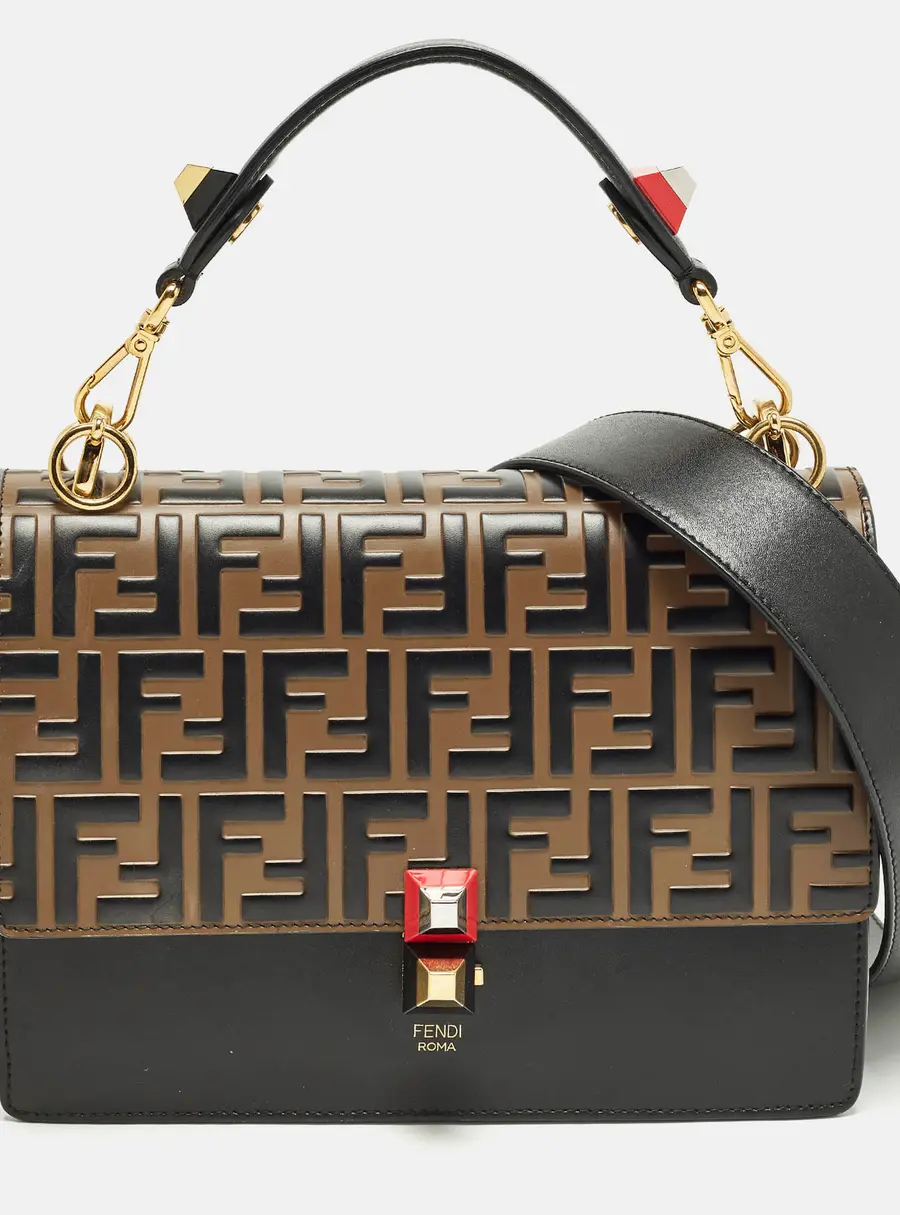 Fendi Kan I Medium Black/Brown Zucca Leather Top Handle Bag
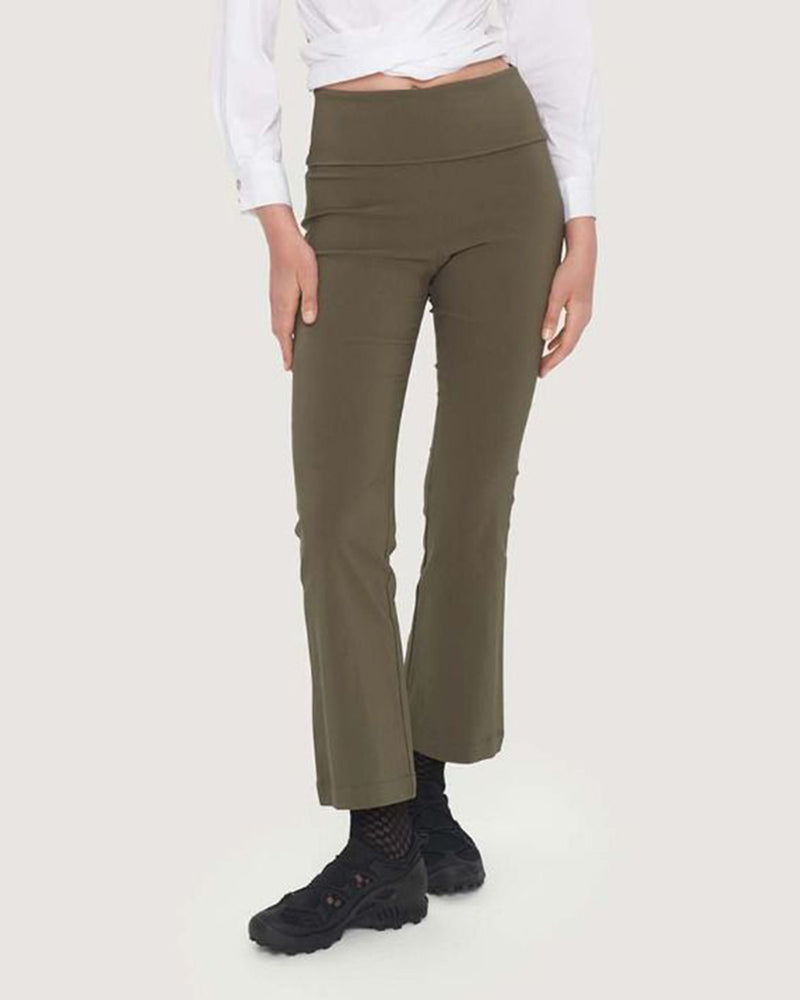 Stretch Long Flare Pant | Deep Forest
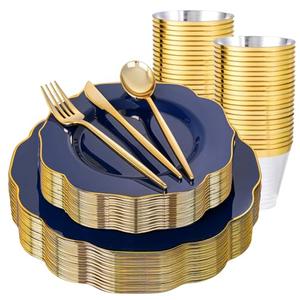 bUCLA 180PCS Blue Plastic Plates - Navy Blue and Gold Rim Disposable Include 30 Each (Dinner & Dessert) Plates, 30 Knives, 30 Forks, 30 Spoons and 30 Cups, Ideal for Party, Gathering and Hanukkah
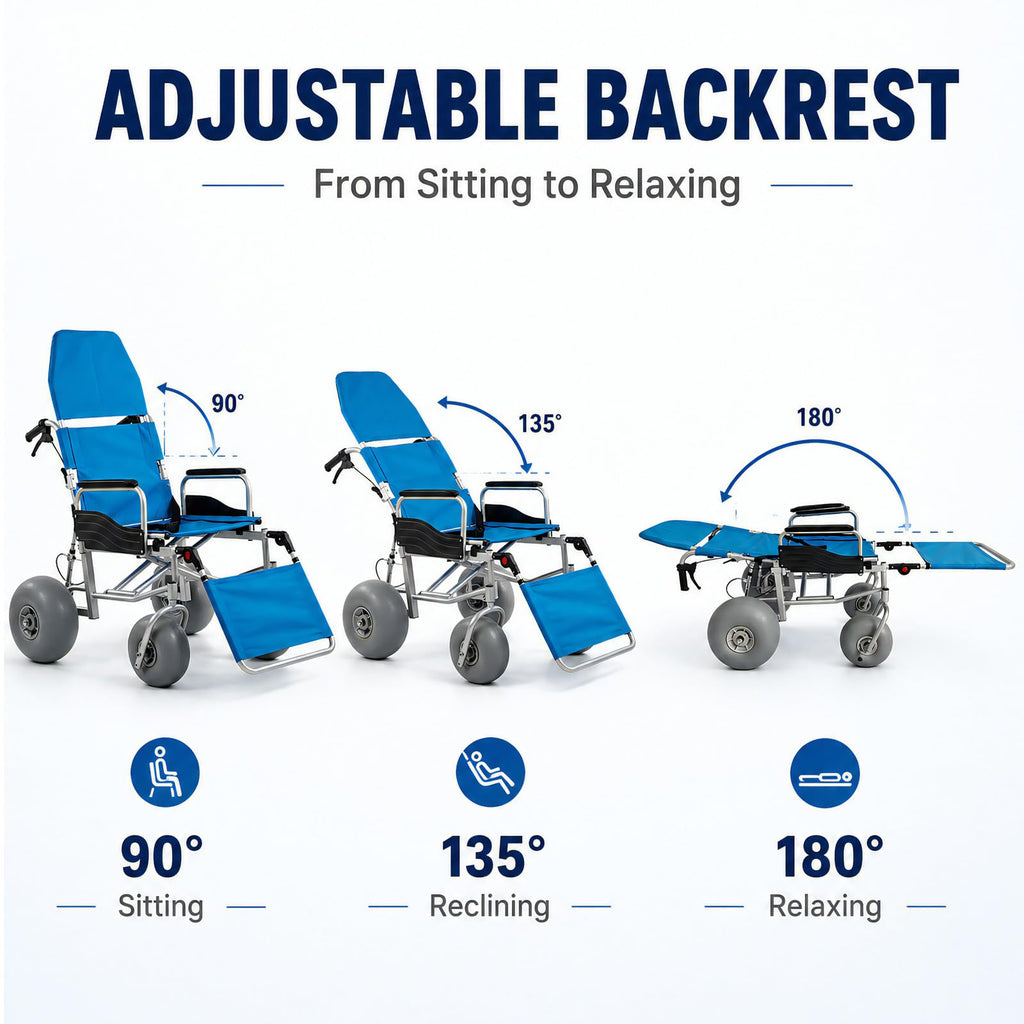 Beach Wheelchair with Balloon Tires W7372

* * * * * * * * *

TRY IT:
Starting at the line that contains "bUCLA 180PCS Blue", please write out each line through the last line of the data, both ends included, and keep pictures out of the copy.

TASK OUTPUT:
 bUCLA 180PCS Blue Plastic Plates - Navy Blue and Gold Rim Disposable Include 30 Each (Dinner & Dessert) Plates, 30 Knives, 30 Forks, 30 Spoons and 30 Cups, Ideal for Party, Gathering and Hanukkah
 Beach Wheelchair with Balloon Tires W7372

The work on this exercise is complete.